Full disclosure here: Hill’s my domestic partner—so, fortunately, she doesn’t have to worry about that sort of thing. But in principle it sounds like it might be even easier than that. Their data request form suggests that you must submit an ID on which your “full name, date of birth, and photo” are legible, while other extraneous identifying information can be blacked out. It’s not clear from either their site or the reporting I’ve read exactly how their verification process works, but it sounds as though anyone with some rudimentary Photoshop skills and a user’s photo and birthdate (Where would you ever get those? Oh… right.) might be able to put together a passable bogus request. I had assumed the process at least required some kind of confirmation response from the e-mail associated with a user’s account (along the lines of a password reset) but at least one of Hill’s sources says he doesn’t recall going through any such step. And in any event, the submission form allows you to provide an alternate e-mail address “where you can be reached” in case you no longer have access to the login e-mail on record with Facebook. So someone who knew that their target was no longer using (say) the college address they’d signed up with, or was going to be away from e-mail for a while, or had an aggressive spam filter that’s likely to block such messages, would still be able to game the process.
Now, Facebook’s a big company with plenty of resources, so it wouldn’t be surprising if their vetting process is actually more secure (or could be made more secure) than these descriptions make it sound. There are still the myriad other Web sites that store personal user information, and any user’s data is only secure as the weakest link in the chain. For users who recycle a small number of passwords on many sites, there’s an added risk: One of the categories of data Facebook provides is a hash of the user’s password. If a site is observing good security practice and using a salted hash, that wouldn’t necessarily be of enormous use to an attacker—but if they’re not (and, sadly, many sites don’t observe best practices here) an attacker could conceivably infer a weak password from the hash using a dictionary attack with a few hours of crunching.

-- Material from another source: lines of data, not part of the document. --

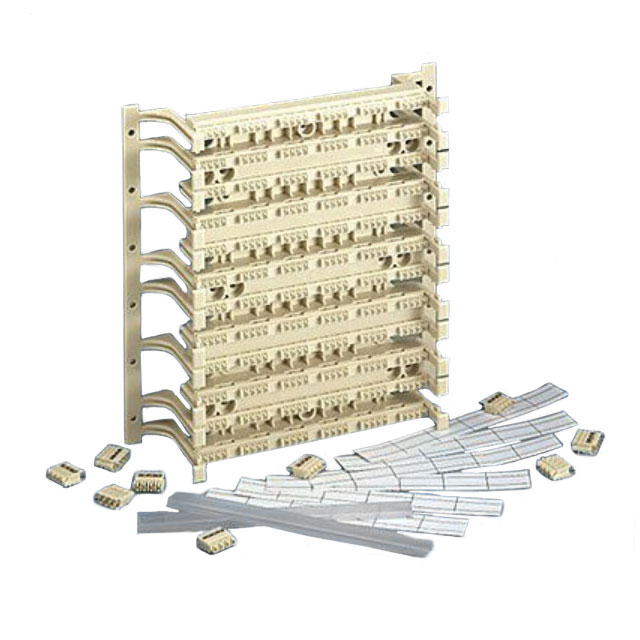 Modular Connector Wiring Blocks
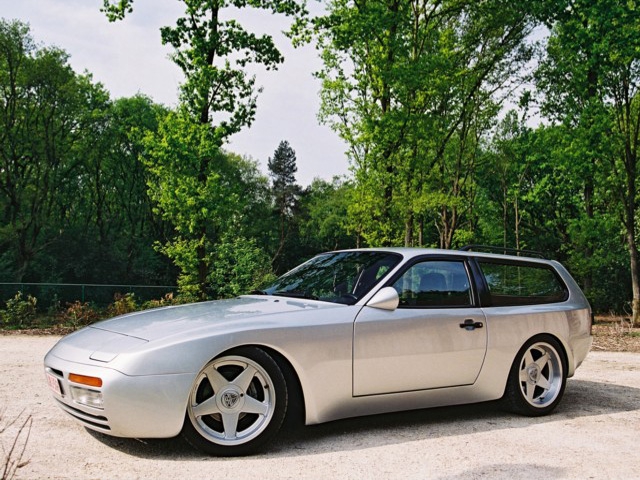 porsche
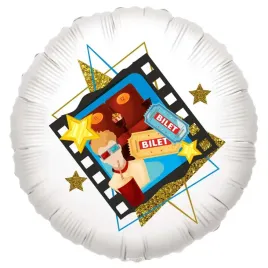 balon-foliowy-hollywood-party-kino-bialy-18-rnd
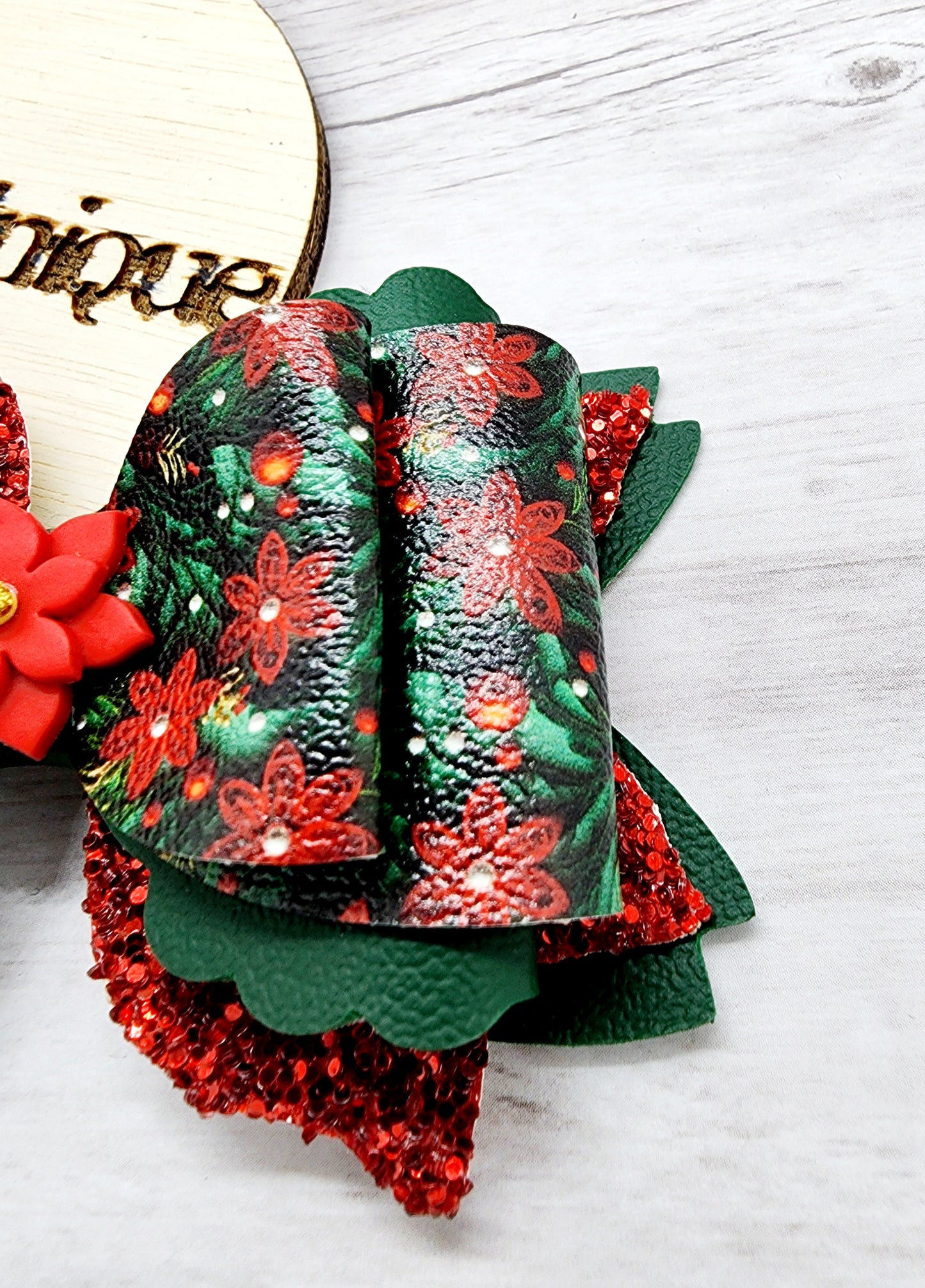 Christmas Bow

There are, to be sure, ways to close some of the weak points in the process. And the goal of a “right to access” regulation—enabling users to understand how they’re monitored by different sites, so they can make informed decisions about their Internet use—is a reasonable one. But just as with regulations designed to ensure lawful police access to communications, any broad mandate creating an additional access point to information systems effectively creates a new attack surface, and a new security vulnerability, which in turn adds to the burdens on the company if they’re going to be responsible data stewards. (Presumably Facebook can afford a full-time compliance team to deal with the flood of requests they’ve gotten since this story started circulating in a timely and secure fashion; it’s not hard to imagine that it would strain the resources of a smaller start-up.) It’s difficult to adequately gauge the net costs and benefits of such mandates in advance, but in this case it doesn’t seem terribly plausible that there’s a genuine gain to consumers that could justify the added risk or expense—especially since most of the benefit here would be equally achieved by requiring companies to supply detailed general information about the kinds of records they keep.